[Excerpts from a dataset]
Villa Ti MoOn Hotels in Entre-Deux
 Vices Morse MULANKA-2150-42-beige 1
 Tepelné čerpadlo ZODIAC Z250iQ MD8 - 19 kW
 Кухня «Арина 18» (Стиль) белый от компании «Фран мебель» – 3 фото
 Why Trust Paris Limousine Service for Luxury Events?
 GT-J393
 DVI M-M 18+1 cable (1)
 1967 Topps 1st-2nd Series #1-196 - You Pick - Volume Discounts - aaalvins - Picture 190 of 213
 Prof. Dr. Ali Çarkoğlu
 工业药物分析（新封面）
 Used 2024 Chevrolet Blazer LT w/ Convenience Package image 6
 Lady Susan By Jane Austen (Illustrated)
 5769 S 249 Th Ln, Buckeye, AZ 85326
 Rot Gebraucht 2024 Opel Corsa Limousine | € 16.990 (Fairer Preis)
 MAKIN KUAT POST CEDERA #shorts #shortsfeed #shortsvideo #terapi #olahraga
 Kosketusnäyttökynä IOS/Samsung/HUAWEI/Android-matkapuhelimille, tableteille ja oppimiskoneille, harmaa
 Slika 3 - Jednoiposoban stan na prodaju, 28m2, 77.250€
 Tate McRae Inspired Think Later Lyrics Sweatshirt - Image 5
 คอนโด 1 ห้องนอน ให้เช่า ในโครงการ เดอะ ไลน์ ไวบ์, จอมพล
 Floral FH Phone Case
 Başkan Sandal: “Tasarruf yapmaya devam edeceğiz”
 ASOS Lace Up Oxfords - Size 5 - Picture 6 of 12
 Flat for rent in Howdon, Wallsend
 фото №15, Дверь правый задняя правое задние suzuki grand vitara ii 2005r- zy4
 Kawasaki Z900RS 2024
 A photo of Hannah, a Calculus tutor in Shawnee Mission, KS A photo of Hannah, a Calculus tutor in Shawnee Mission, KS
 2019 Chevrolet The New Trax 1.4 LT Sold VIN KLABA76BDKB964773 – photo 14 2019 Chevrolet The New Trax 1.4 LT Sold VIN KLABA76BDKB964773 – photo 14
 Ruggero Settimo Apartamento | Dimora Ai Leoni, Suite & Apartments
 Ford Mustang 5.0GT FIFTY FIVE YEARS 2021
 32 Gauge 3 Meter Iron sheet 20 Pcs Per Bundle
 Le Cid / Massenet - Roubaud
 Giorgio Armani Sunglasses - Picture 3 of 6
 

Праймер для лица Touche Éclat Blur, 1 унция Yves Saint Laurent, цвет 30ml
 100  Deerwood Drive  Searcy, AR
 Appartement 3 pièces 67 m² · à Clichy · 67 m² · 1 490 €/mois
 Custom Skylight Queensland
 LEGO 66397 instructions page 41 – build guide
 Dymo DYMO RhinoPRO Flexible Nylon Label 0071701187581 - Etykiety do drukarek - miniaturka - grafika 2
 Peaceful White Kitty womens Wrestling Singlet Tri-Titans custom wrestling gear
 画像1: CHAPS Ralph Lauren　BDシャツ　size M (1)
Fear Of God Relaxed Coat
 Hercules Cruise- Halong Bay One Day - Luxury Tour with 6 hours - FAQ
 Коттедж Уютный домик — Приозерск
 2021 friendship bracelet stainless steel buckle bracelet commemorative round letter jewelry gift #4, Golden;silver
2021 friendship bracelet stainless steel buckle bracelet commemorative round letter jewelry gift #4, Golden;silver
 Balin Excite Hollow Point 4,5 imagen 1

WHAT THE TASK ASKS — Print exactly the lines above, between the one holding "Slika 3 - Jednoiposoban" and the one holding "Fear Of God Relaxed Coat", inclusive, and nothing besides.

RESPONSE AREA —
 Slika 3 - Jednoiposoban stan na prodaju, 28m2, 77.250€
 Tate McRae Inspired Think Later Lyrics Sweatshirt - Image 5
 คอนโด 1 ห้องนอน ให้เช่า ในโครงการ เดอะ ไลน์ ไวบ์, จอมพล
 Floral FH Phone Case
 Başkan Sandal: “Tasarruf yapmaya devam edeceğiz”
 ASOS Lace Up Oxfords - Size 5 - Picture 6 of 12
 Flat for rent in Howdon, Wallsend
 фото №15, Дверь правый задняя правое задние suzuki grand vitara ii 2005r- zy4
 Kawasaki Z900RS 2024
 A photo of Hannah, a Calculus tutor in Shawnee Mission, KS A photo of Hannah, a Calculus tutor in Shawnee Mission, KS
 2019 Chevrolet The New Trax 1.4 LT Sold VIN KLABA76BDKB964773 – photo 14 2019 Chevrolet The New Trax 1.4 LT Sold VIN KLABA76BDKB964773 – photo 14
 Ruggero Settimo Apartamento | Dimora Ai Leoni, Suite & Apartments
 Ford Mustang 5.0GT FIFTY FIVE YEARS 2021
 32 Gauge 3 Meter Iron sheet 20 Pcs Per Bundle
 Le Cid / Massenet - Roubaud
 Giorgio Armani Sunglasses - Picture 3 of 6
 

Праймер для лица Touche Éclat Blur, 1 унция Yves Saint Laurent, цвет 30ml
 100  Deerwood Drive  Searcy, AR
 Appartement 3 pièces 67 m² · à Clichy · 67 m² · 1 490 €/mois
 Custom Skylight Queensland
 LEGO 66397 instructions page 41 – build guide
 Dymo DYMO RhinoPRO Flexible Nylon Label 0071701187581 - Etykiety do drukarek - miniaturka - grafika 2
 Peaceful White Kitty womens Wrestling Singlet Tri-Titans custom wrestling gear
 画像1: CHAPS Ralph Lauren　BDシャツ　size M (1)
Fear Of God Relaxed Coat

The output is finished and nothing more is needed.